De la misma manera se
deduce que ni las devociones ni el apostolado pueden servir de excusa para
pasarse el día fuera de casa, abandonando las obligaciones de ésta. Cúmplase
primero con cuanto es necesario para que la vida familiar se desarrolle
espléndida, y dedíquense las energías restantes a actividades apostólicas.
Apostolado sin
perjuicio del hogar, sí; apostolado arruinando la vida hogareña, no. Sería una
equivocación; sería pretender llevar la sociedad hacia Dios, contrariando los
planes divinos.
La base de la
recristianización de la sociedad es crear hogares cristianos, en los que la
savia del Evangelio se difunda exuberante. Sólo de hogares cristianos pueden
salir buenos cristianos; de hogares paganos saldrán gentes corroídas de
paganía; de hogares egoístas, individuos fríos y viciosos; de hogares
sacrificados, almas heroicas y santas.
El ideal del
apostolado cristiano, cualquiera que sea su aspecto, merece toda clase de
esfuerzos y sacrificios personales, pero nunca, salvo casos excepcionales,
reclama el sacrificio del hogar.
Tampoco las
devociones deben distraer a la mujer de sus deberes caseros.
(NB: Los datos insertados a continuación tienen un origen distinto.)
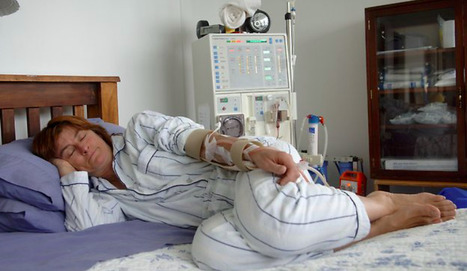 Difference of fatigue in patients on peritoneal dialysis versus hemodialysis and the association with nutrition and inflammation | Peritoneal dialysis | Scoop.it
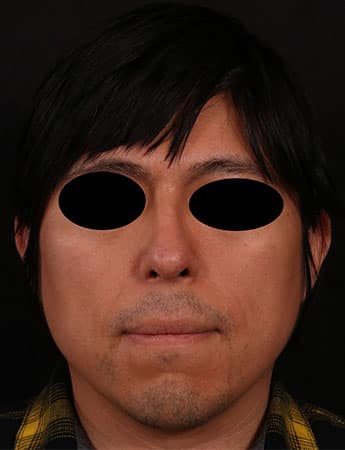 After Image: Rhinoplasty - front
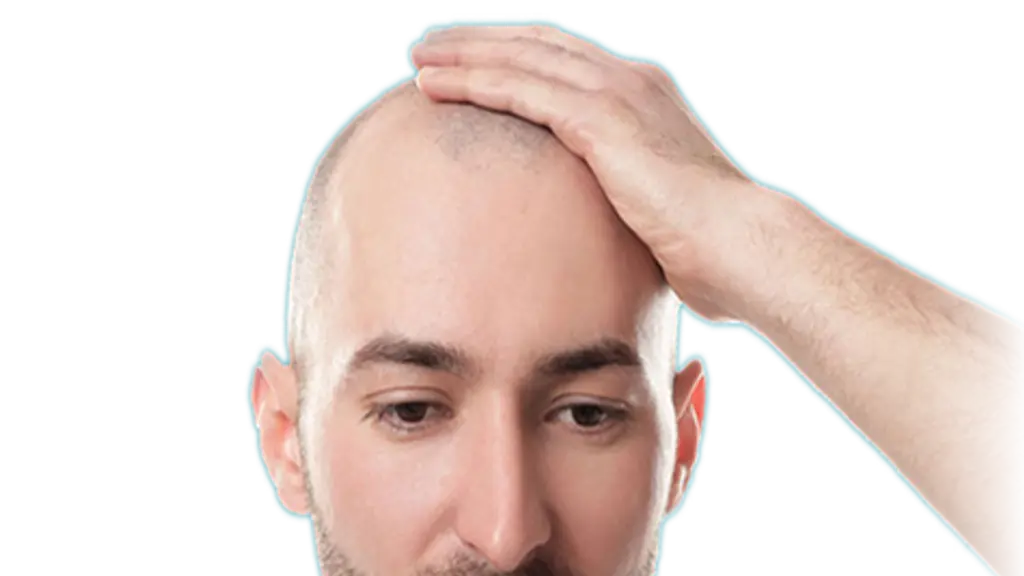 Uttam Hair Wig Solution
Este es uno de los
casos legítimos en que ha de aplicarse el refrán castellano. «Antes es la
obligación que la devoción».
Obsérvese, sin
embargo, que para el recto cumplimiento de las obligaciones familiares, la
mujer precisa un cumulo de energías morales que, en general, sólo puede
encontrar practicando la piedad. La oración le obtendrá abundantes gracias
sobrenaturales, la dirección espiritual le proporcionará acertadas
orientaciones y la divina Eucaristía, recibiendo sus confidencias en el
Sagrario, ofrendado la Hostia propiciatoria en el altar y alimentando su alma
en el comulgatorio, le tonificará, le hará fuerte y acumulará en ella esas
reservas de energías, tan necesarias para el gobierno y encumbramiento de un
hogar. La clave para la solución de este problema está en engranar de tal forma ambas cosas, que la piedad anime la
vida familiar, y devociones y deberes alternen y se sucedan en armónico orden
cristiano.
Si estos motivos tan
selectos y elevados no justifican el abandono del hogar, mucho menos pueden
justificarlo las diversiones.
Necesitan las chicas
divertirse; pero la diversión no es para
ellas ni el fin supremo ni siquiera uno de los principales; es un medio de
poder realizar la misión traída a la vida, y que jamás puede salirse de su
calidad de medio subordinado siempre a los fines superiores a cuyo servicio
está.
Diviértanse las
muchachas, esponjando en alegres entretenimientos y sanos recreos sus almas jóvenes;
retoce en sus labios la risa alegre; den satisfacción al dinamismo que electriza
su nerviosismo; entretengan su imaginación con espectáculos amenos y
entremezcles sus horizontes juveniles con otros paisajes también de juventud…
Todo ello está bien, siempre que esté encuadrado en la virtud cristiana.
Lo que está mal es
que de la diversión se haga trinchera para atacar las obligaciones hogareñas y
disculpa para boicotear sus dulces intimidades.
No hay que olvidar
que la carrera de la mujer es casarse.